- [PROVIDED RECORDS]
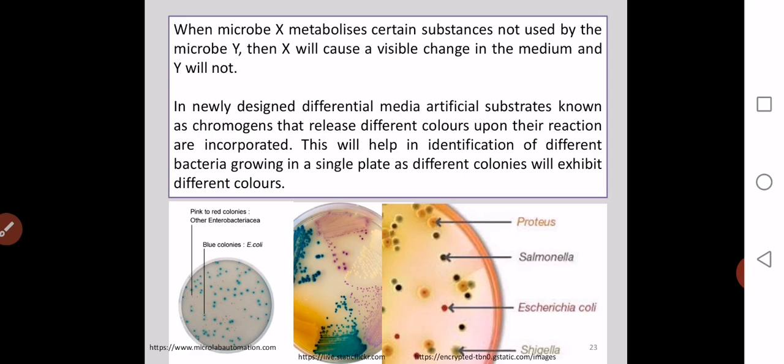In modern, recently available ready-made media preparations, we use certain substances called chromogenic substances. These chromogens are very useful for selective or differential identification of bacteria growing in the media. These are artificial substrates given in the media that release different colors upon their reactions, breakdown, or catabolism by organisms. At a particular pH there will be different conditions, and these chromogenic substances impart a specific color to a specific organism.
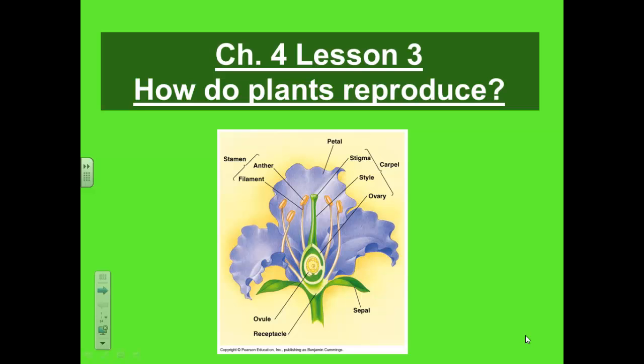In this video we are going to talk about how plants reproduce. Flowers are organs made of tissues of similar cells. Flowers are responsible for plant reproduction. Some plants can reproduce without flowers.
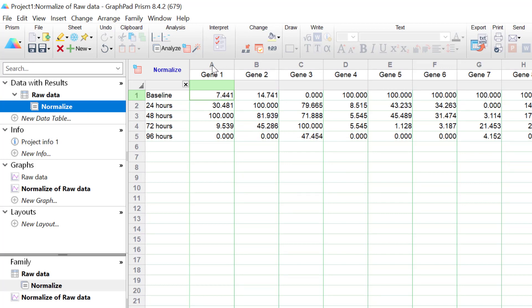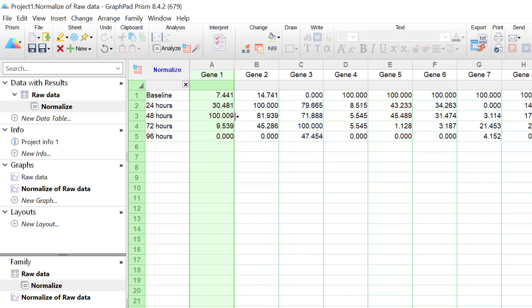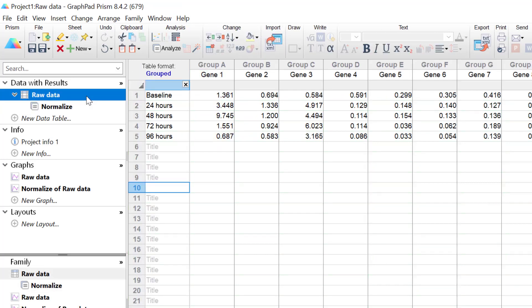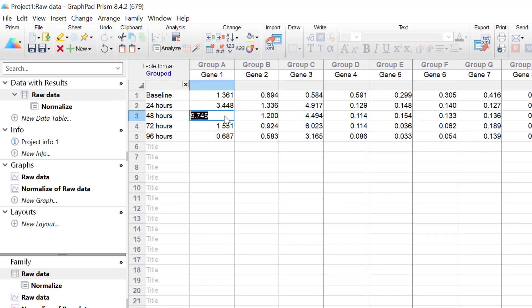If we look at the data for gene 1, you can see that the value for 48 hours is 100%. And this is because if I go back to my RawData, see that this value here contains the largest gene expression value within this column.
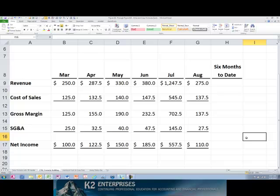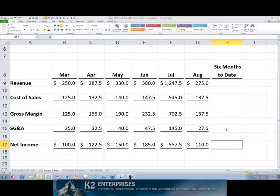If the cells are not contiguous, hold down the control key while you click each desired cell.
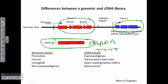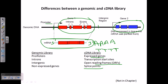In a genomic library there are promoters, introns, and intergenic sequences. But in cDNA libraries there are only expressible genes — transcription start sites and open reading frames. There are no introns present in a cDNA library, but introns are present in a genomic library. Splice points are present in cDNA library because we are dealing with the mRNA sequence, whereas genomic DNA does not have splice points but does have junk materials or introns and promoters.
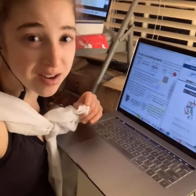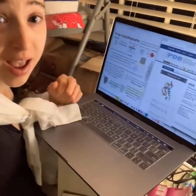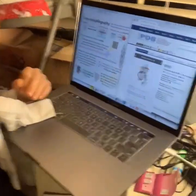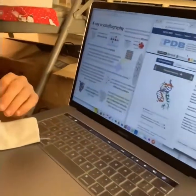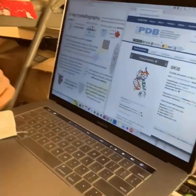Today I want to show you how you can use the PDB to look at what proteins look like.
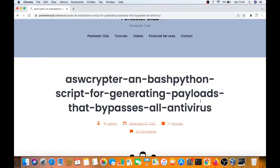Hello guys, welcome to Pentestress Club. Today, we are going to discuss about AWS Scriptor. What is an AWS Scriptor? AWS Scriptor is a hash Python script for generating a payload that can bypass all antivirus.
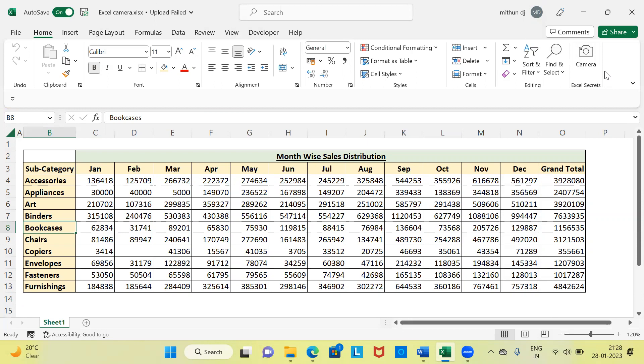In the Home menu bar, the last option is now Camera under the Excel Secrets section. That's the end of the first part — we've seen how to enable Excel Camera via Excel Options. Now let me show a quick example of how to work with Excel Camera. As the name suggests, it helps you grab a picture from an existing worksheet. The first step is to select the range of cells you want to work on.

==

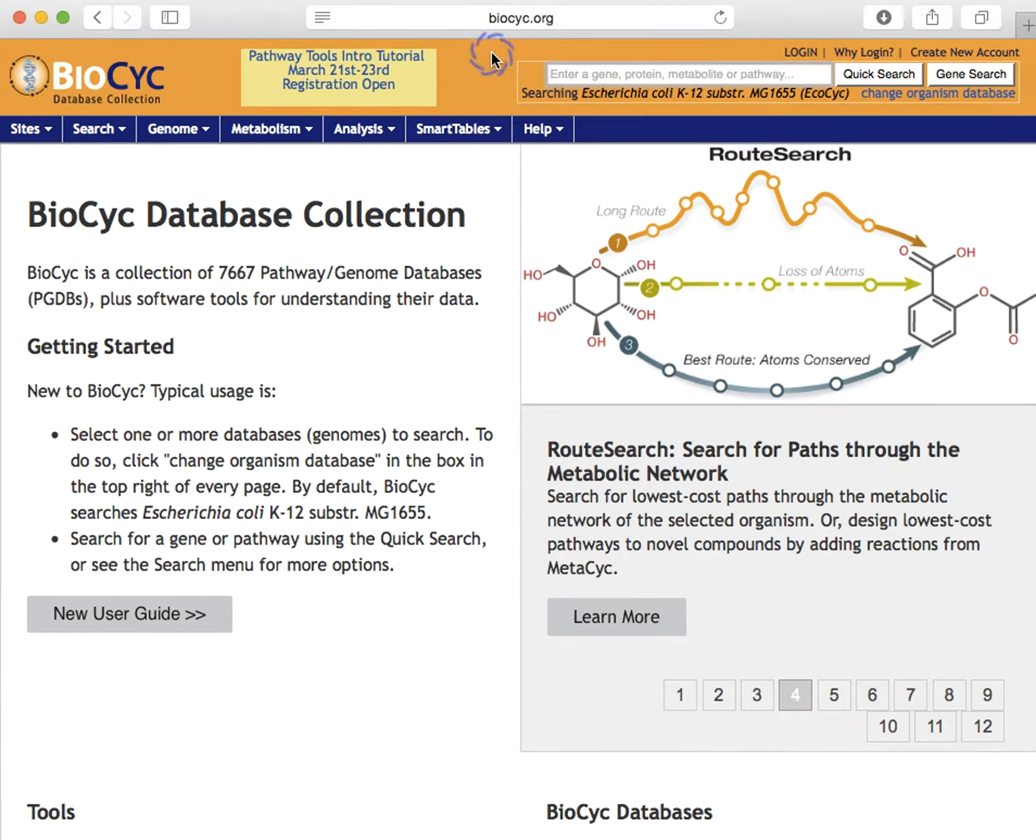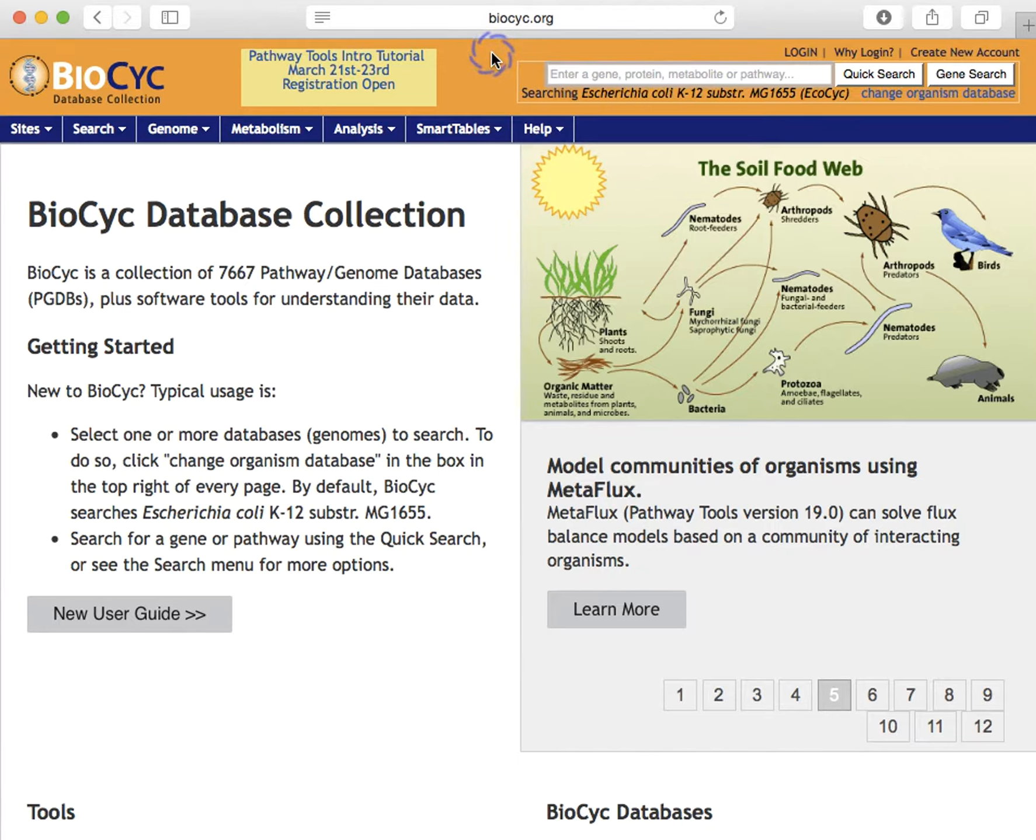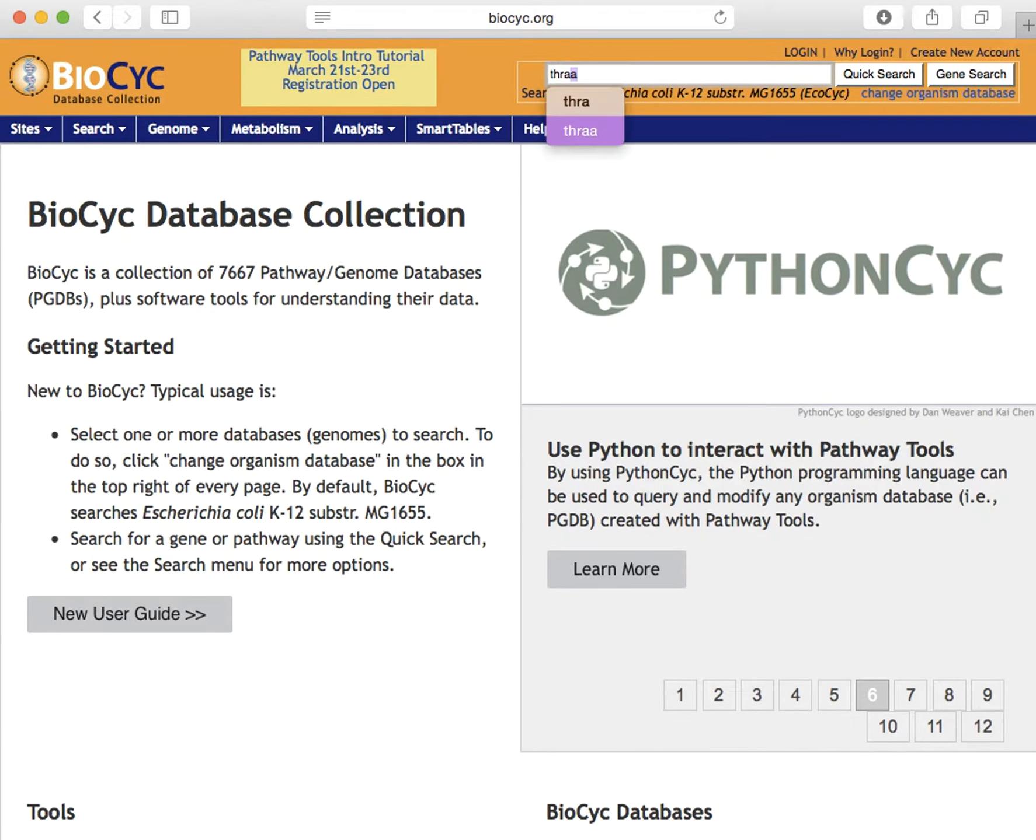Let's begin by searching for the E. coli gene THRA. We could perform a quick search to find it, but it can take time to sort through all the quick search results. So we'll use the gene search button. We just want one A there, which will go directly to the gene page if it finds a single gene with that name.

- [YOUR GOAL] Using the data above, set down each line from the line with "In modern, recently" to the line with "In this video" exactly, both ends included, and leave the pictures behind. Nothing else belongs.

- [FINISHED TASK]
In modern, recently available ready-made media preparations, we use certain substances called chromogenic substances. These chromogens are very useful for selective or differential identification of bacteria growing in the media. These are artificial substrates given in the media that release different colors upon their reactions, breakdown, or catabolism by organisms. At a particular pH there will be different conditions, and these chromogenic substances impart a specific color to a specific organism.
In this video we are going to talk about how plants reproduce. Flowers are organs made of tissues of similar cells. Flowers are responsible for plant reproduction. Some plants can reproduce without flowers.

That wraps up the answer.